“Miss Astoria.” She tightened her grip even more. “You’re embarrassing both of us.”
Another offended noise escaped her, high and dramatic, and Mrs. Montgomery laughed quietly through her exhaustion.
“She gets that from Katherine.”
The sentence lingered between us softly, warm and painful all at once. I finally managed to settle the cat inside and latched the door, my fingers lingering on the bars for a moment while Miss Astoria pressed her face against them and stared at me with accusing blue eyes. Mrs. Montgomery touched my arm lightly as we made our way back down the stairs. “Thank you again, sweetheart,” she said, her voice gentle but threaded with that familiar relief, the kind that came from handing off the practical, messy parts of life to someone else.
When we reached the foyer, my mother was waiting near the staircase. Mom looked from me to the carrier immediately, and her entire face softened in that quiet, protective way she had always had.
“Oh,” she said, the single syllable carrying more understanding than most conversations ever did.
“She’s coming back with me,” I told her, and my mother nodded once like this was the most natural thing in the world.
“Good.”
Mrs. Montgomery touched my arm again, her fingers light and fleeting. The touch made guilt crawl coldly beneath my skin, but Miss Astoria let out another sharp, miserable cry from inside the carrier, and instinct overrode everything else immediately.
“I’ll call tomorrow,” I said.
“Yes. Please.” Mrs. Montgomery nodded too quickly.
The unspoken part hung invisibly in the foyer even after she smiled:Please keep coming back.
My mother walked me to the door while thunder rolled low across the cliffs outside. When we reached the porch, she adjusted my scarf automatically the way she always had before storms, her fingers quick and familiar.
“You look so tired,” she said quietly.
“I am tired.”
Her eyes searched my face carefully, not suspiciously but protectively.
“You don’t have to keep carrying everyone,” she said, the words hitting too close to the center of me.
I looked away first.
“Yes, I do.”
Mom’s expression tightened faintly because she knew exactly where I learned that. Neither of us said my father’s name. We rarely did. The rain had softened into mist by the time I reached the car, cold and fine against my cheeks.
Miss Astoria screamed the entire drive back to Bellamont, not meowing but screaming, a high, dramatic wail that filled the small space and made my head throb.
“You are genuinely the loudest animal alive,” I told her, gripping the wheel tighter as another cry pierced the air. “I literally rescued you.”
Scream.
“I fed you for years!”
Another scream.
By the time I pulled into the residence hall parking lot, I was one noise away from driving directly into the Atlantic just for the silence.

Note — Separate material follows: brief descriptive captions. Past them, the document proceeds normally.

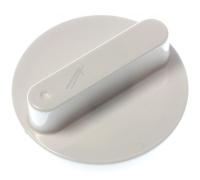 DeLonghi Timerknop                                                    7322010274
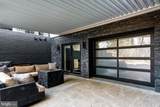 3431 14TH Street - Photo 62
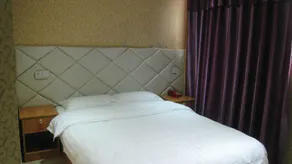 Jiayi Hotel - Image 2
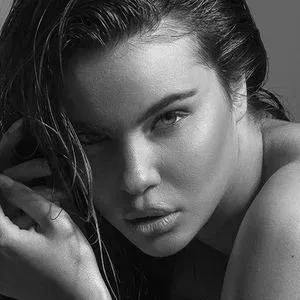 Tiziano Di Garbo Onlyfans Photo Gallery 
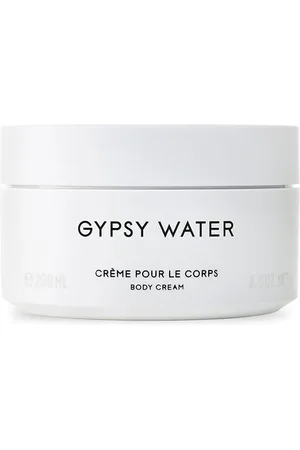 BYREDO Gypsy Water Bodylotion 200 ml (379.95 € / 1 l)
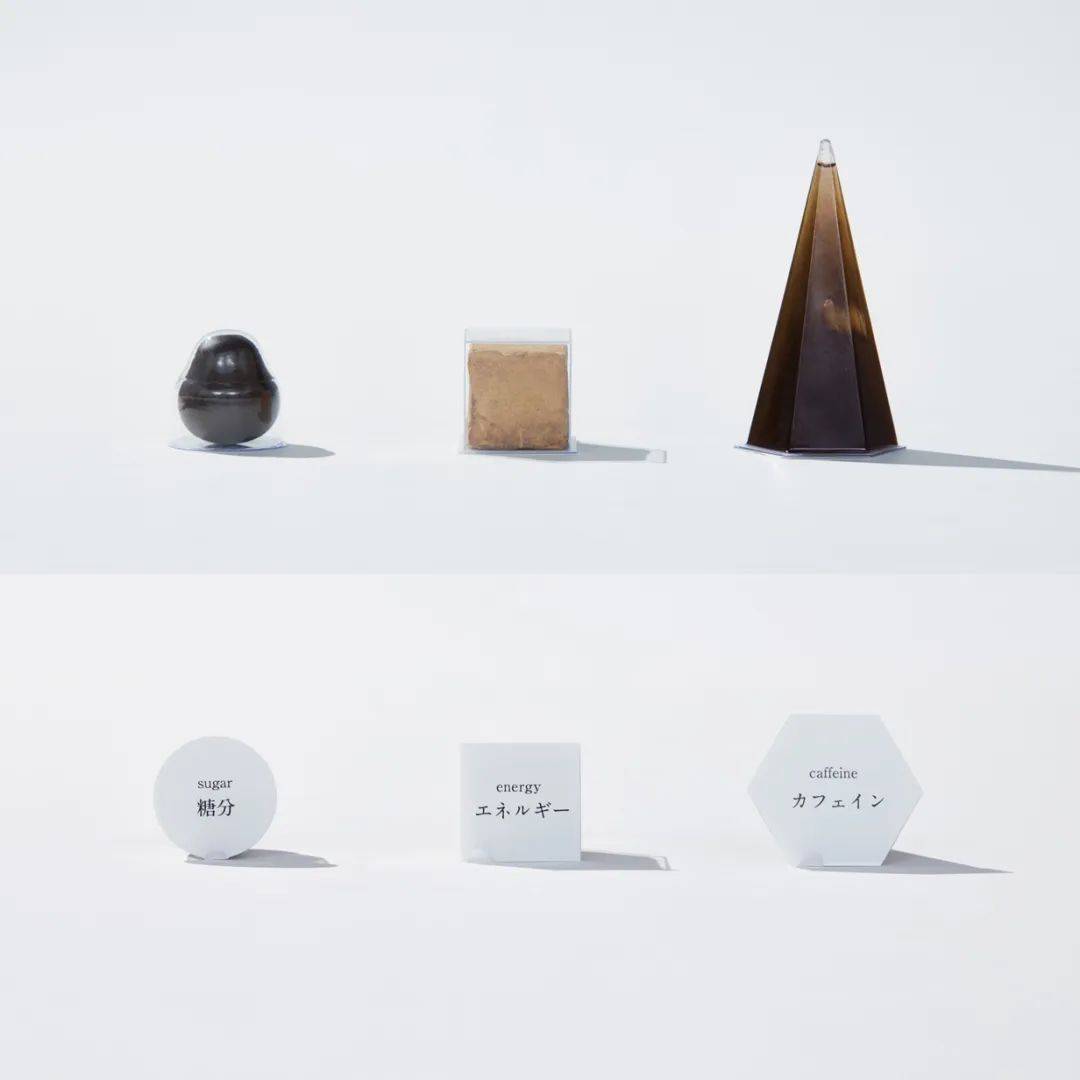 从比赛看日本设计:kokuyo design award【国誉文具大赛】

The dorm hallway was quiet when I stepped inside carrying the carrier, the overhead lights casting long shadows along the polished floors.
Then Sophia opened our suite door, and she froze. For one suspended second, she simply stared, her elegant features shifting from surprise to something warmer and more concerned.
“Oh my God,” she breathed.
Miss Astoria screamed from inside the carrier immediately.